Mia Mask, the Mary Riepma Ross endowed chair of film at Vassar College, spoke about her book Black Rodeo, A History of the African American Western at an event at the Newton Free Library, organized by the Ashland Public Library Wednesday. 

“I feel like this is the book I really wanted to write for a long time,” Mask said. “This was a project that was near and dear to my heart because I’m a rider, I am a life-long lover of horses, so the equestrian culture I was involved in was just really fun for me.”

There is not a lot of literature about Black westerns made after 1955, Mask said. She intentionally chose the films she wanted to write about to fill the lack of material. 

“I was able to select actors that had made some imprint on the zeitgeist,” Mask said.

Mask showed a video she made on the history of Black westerns to provide context on her book. In one clip from the video titled “Turning Up the Political Volume,” Mask spoke about the evolution of former NFL player and actor Jim Brown’s roles to emphasize the shift in the portrayal of Black cowboys in westerns. 

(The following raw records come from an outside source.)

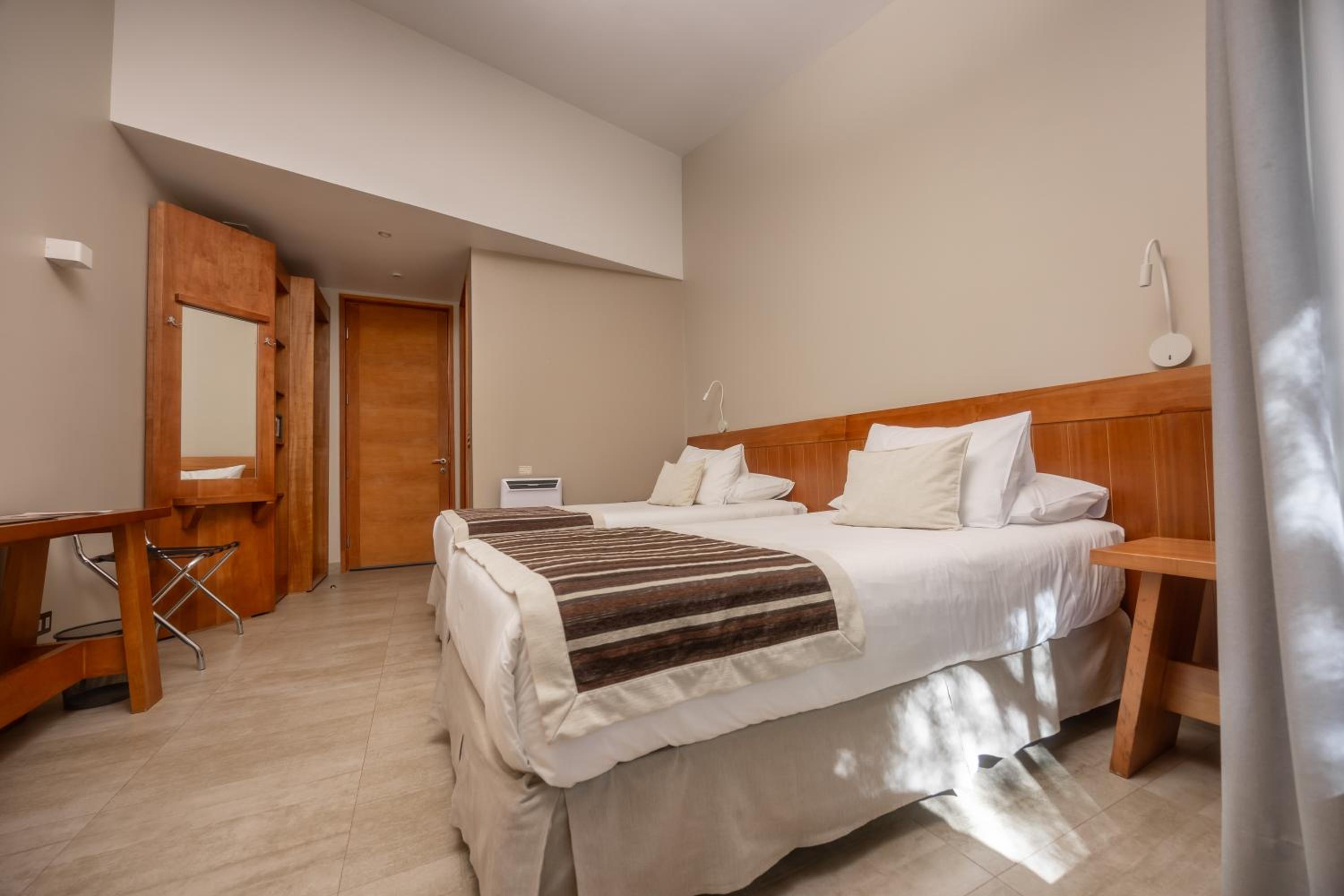 Hotel La Casa de Don Tomás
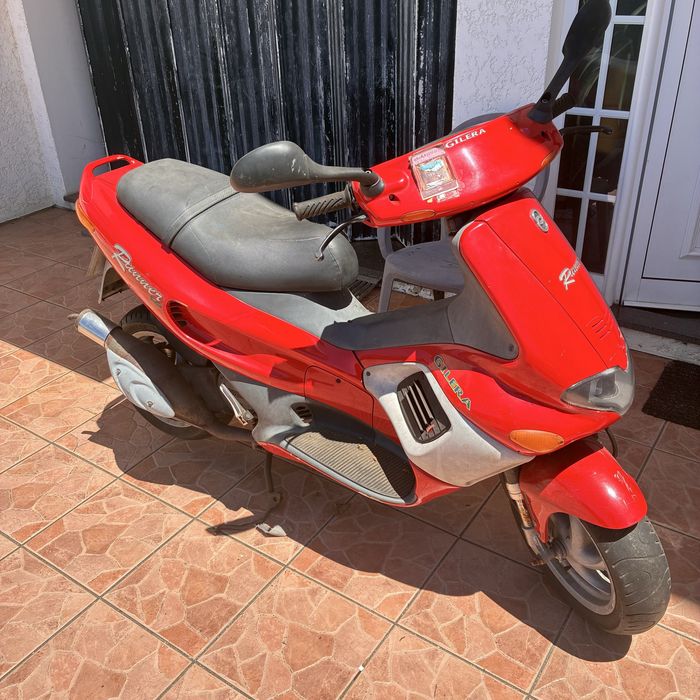 Gilera Runner (c14)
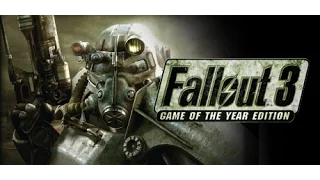 Fallout 3: Game of the Year Edition. Выпуск 1 || Небольшое вступление.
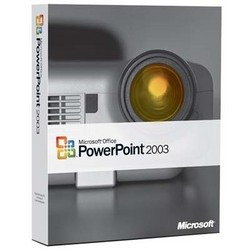 PowerPoint 2003 Win32 EngCD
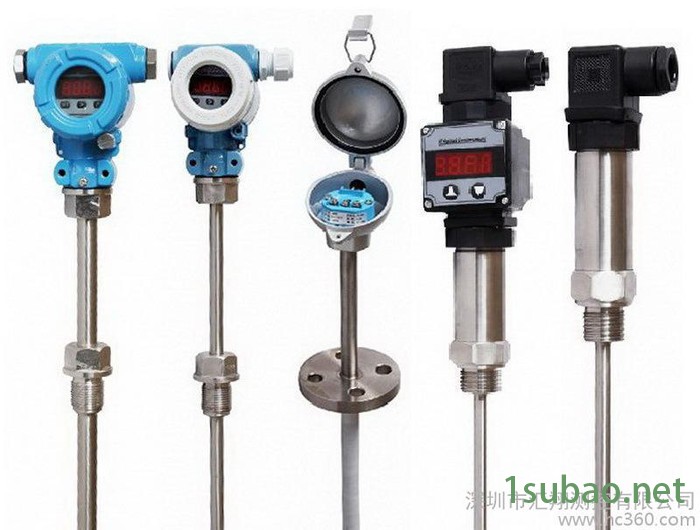 SBW-4 温度变送器 温度传感器图2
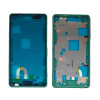 Средняя часть корпуса Sony Xperia Z3 Compact D5803 зеленая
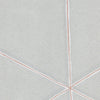 Double-Slit wallpaper-Wallpaper-Texam-Aqua-Meter (M1)-Selected Wallpapers & Interiors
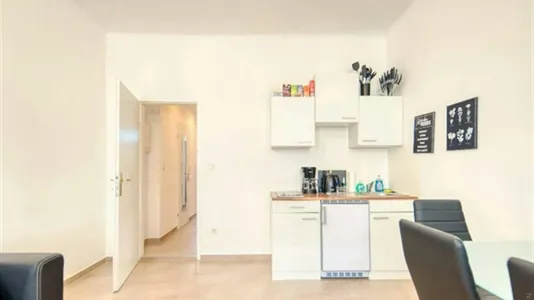 Apartments in Vienna Favoriten - photo 2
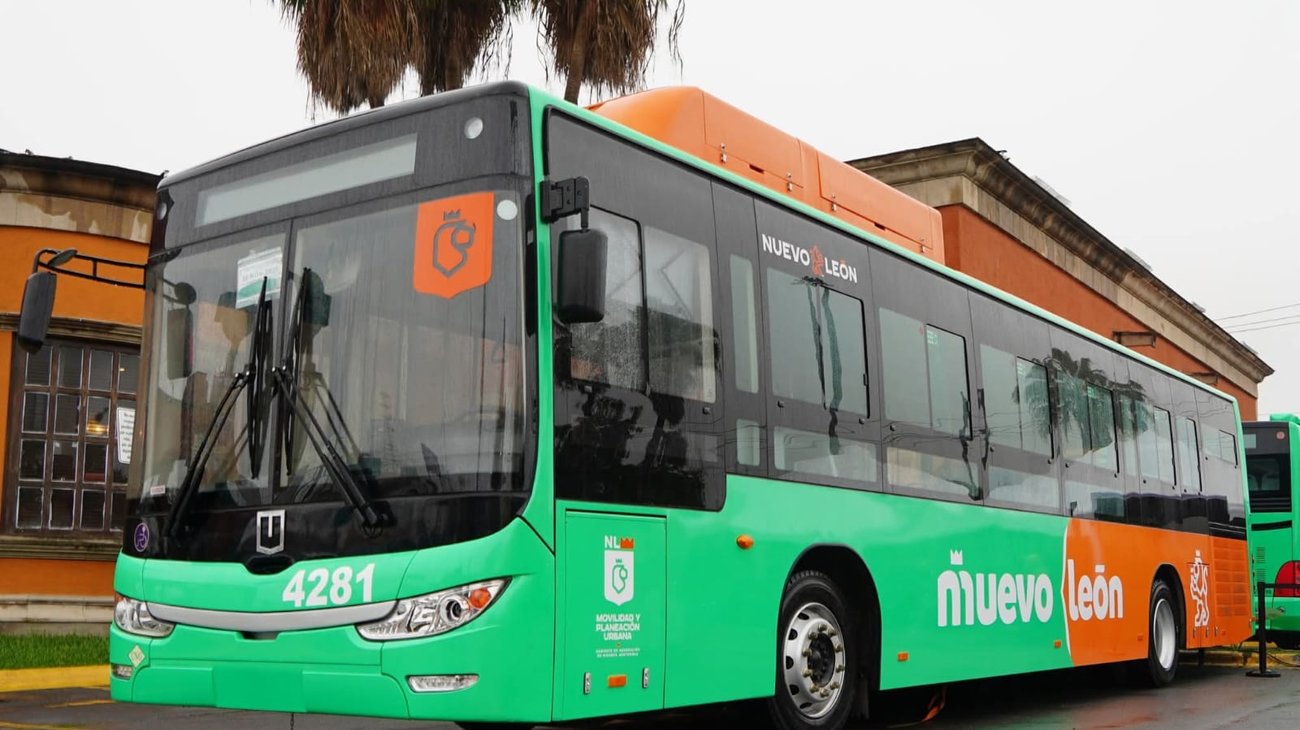 Conoce qué traen de nuevo las rutas verdes en Nuevo León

“We see the films begin to turn up the volume on the political content, the ways in which the Black cowboy is demanding and openly expecting respect,” Mask said. 

The Black western genre has evolved from the 1950s to include elements of other genres, she said in her video. 

“You see over time, the way Black westerns begin to amalgamate, incorporate, a range of other genres to reward their loyal fans, the Western spectators, by bringing in some of the visual pleasures of other genres and just mixing it up, to create something that is recognizable as a western, but still pleasurable in other ways,” Mask said. 

Meena Jain, the director of Ashland Public Library, asked Mask if it was more accessible for Black actors to be a part of westerns compared to other film genres. 

“It was probably less accessible, because there has been the perception that African Americans had not been a part in the settling and shaping of the American West,” Mask said. “That is an issue historians have been a part of for some time.”

Mask named her book Black Rodeo after a documentary by independent filmmaker Jeff Kanew with the same name. The documentary covered a small African American traveling rodeo that traveled to Randall’s Island in Manhattan. 

“We see these performers have a relationship with their animals, with their livestock but also with their horses, that we haven’t really had an opportunity to see in popular culture,” Mask said. “A real caring relationship. So that has been nice to uncover as well.”

Mask explains that not all of the films she writes about represent Black culture well, with some films considered “Blaxploitation.”

“Even though in the past, people have said, you know those aren’t high brow artsy, expensively made films—they’re trash and low-brow, so I don’t want to look at them and talk about them,” Mask said. “Luckily, in film cinemas, we’ve come a long way so that lots of folks are now looking at exploitation cinemas, and understanding that they spoke to and speak to audiences in specific ways.”

Mask was very intentional about balancing the stories of both hardship and triumph Black actors experienced in this genre of film, she said. 

“There was definitely an effort to balance the challenges they are encountering with the industry, with society, and expectations of Black actors on one hand, and their sort of triumphant desire to push through, push the envelope in some ways,” she said.

Mask was always more interested in analyzing films than making them, she said.

“If I wanted to be making films, I would be making films,” Mask said. “I love film history, theory, criticism—I really wanted to be a film critic. But at the time, we found that there really wasn’t a lot published on African American cinema.”

Mask said she was interested in writing on Black comic book characters in the future. 

“I learned on this journey, Lobo was the first African American comic book character to have his own series,” Mask said. “He was a Western hero, and I would love to write more about Lobo, and write some articles and publications around this figure.”